You are viewing the development docs which are in progress. There is no guarantee that the development documentation will be accurate, including instructions, links, and other information. For the latest stable documentation, click here.
Bandwidth Optimized Upgrades
Info
This tutorial demonstrates how to optimize bandwidth usage during OS upgrades using distributed caching solutions like embedded registries.Introduction
Nodes in edge clusters often have poor networking capabilities, and Kairos users may create custom images that are significantly larger (e.g., by including many kernel drivers). The current issue is that during upgrades, each node in the cluster must re-download the entire image from scratch before applying the upgrade.

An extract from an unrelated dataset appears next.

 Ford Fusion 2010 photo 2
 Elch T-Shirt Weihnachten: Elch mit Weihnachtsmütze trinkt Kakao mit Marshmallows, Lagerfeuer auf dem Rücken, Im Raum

This documentation explores solutions to optimize bandwidth usage during upgrades by implementing distributed caching mechanisms.
Problem Statement
- Large Images: Custom images can be very large due to additional drivers, tools, or configurations
- Poor Network: Edge nodes often have limited or unreliable network connectivity
- Redundant Downloads: Each node downloads the same upgrade image independently
- Bandwidth Waste: Multiple nodes downloading identical images consumes unnecessary bandwidth
Solutions
Note
This documentation covers bandwidth optimization solutions for Kairos images that include a Kubernetes distribution (K3s, K0s, or kubeadm via provider-kubeadm).K3s with Embedded Registry (Spegel)

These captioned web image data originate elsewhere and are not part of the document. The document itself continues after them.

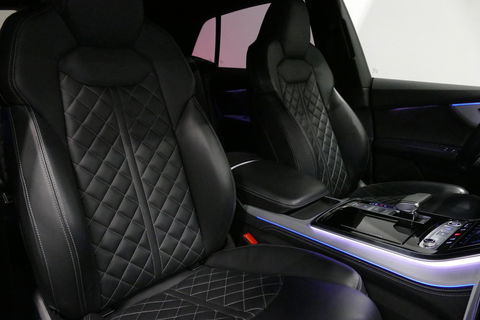 Audi Q8 60 TFSI e quattro Competition / S-Line / HD Matrix LED / Servosluiting / RS-Sportstoelen / Elektr. verstelbare voorstoelen / Head-Up Display / Stuur- & stoelverwarming / 360 graden camera / Bang & Olufsen Sound / Achterbank verwarming / 22'' LMV / Trekhaa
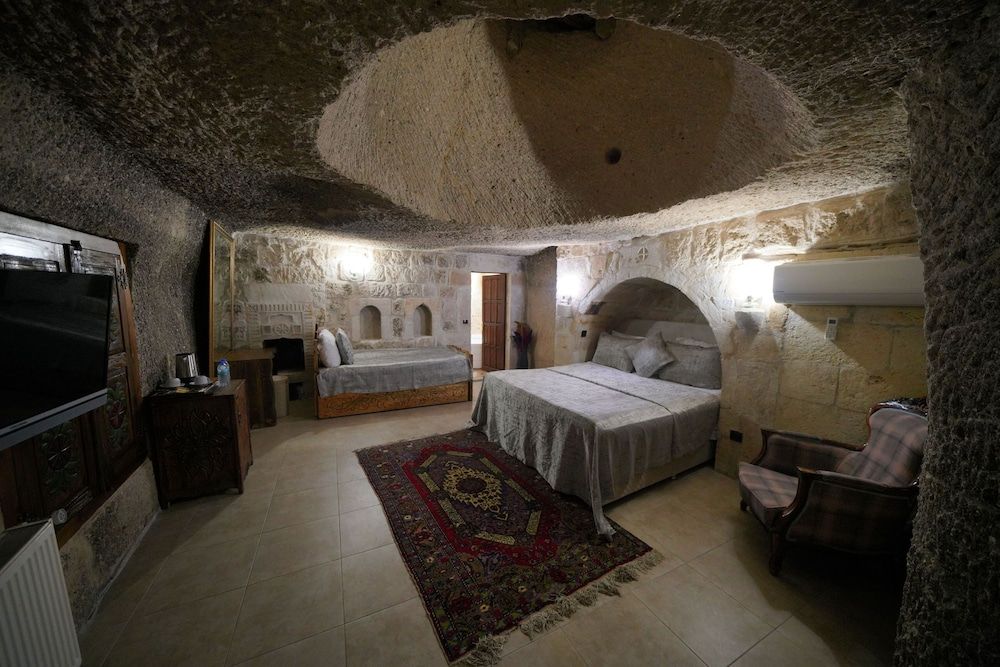 undefined Holiday Cave Hotel 10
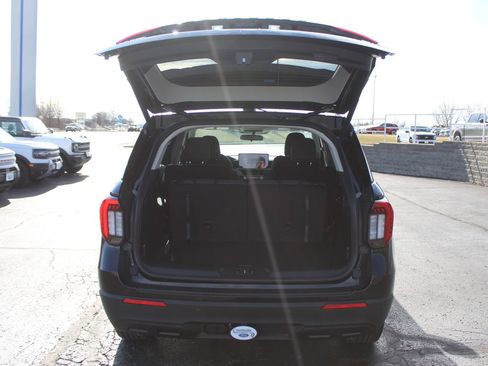 New 2026 Ford Explorer Active AWD/4WD image 16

K3s integrates with Spegel, a distributed registry that enables efficient image caching across your cluster. This integration allows nodes to share container images locally, reducing bandwidth usage and improving deployment speed.
Info
For detailed information about k3s embedded registry configuration, see the official k3s documentation.Manual Setup
Master Node Configuration
#cloud-config
hostname: metal-{{ trunc 4 .MachineID }}
users:
- name: kairos # Change to your own user
passwd: kairos # Change to your own password
groups:
- admin # This user needs to be part of the admin group
install:
reboot: true
k3s:
enabled: true
embedded_registry: true
stages:
boot:
- name: "Add registries configuration for k3s/spegel"
files:
- path: /etc/rancher/k3s/registries.yaml
content: |
mirrors:
"*":
Worker Node Configuration
#cloud-config
hostname: metal-{{ trunc 4 .MachineID }}
users:
- name: kairos # Change to your own user
passwd: kairos # Change to your own password
groups:
- admin # This user needs to be part of the admin group
k3s-agent: # Warning: the key is different from the master node one
enabled: true
args:
- --with-node-id # will configure the agent to use the node ID to communicate with the master node
env:
K3S_TOKEN: "YOUR_K3S_TOKEN_HERE" # Replace with the actual token from your master node
K3S_URL: https://YOUR_MASTER_NODE_IP:6443 # Replace with your master node's IP address
stages:
boot:
- name: "Add registries configuration for k3s/spegel"
files:
- path: /etc/rancher/k3s/registries.yaml
content: |
mirrors:
"*":
Important Notes:
- Replace
YOUR_K3S_TOKEN_HERE
with the actual token from your master node - Replace
YOUR_MASTER_NODE_IP
with your master node’s IP address - The
embedded_registry: true
setting enables Spegel integration
Auto Configuration
For automated cluster setup with P2P coordination:
#cloud-config
hostname: metal-{{ trunc 4 .MachineID }}
users:
- name: kairos # Change to your own user
passwd: kairos # Change to your own password
groups:
- admin # This user needs to be part of the admin group
k3s:
embedded_registry: true
p2p:
# Disabling DHT makes co-ordination to discover nodes only in the local network
disable_dht: true #Enabled by default
# network_token is the shared secret used by the nodes to co-ordinate with p2p.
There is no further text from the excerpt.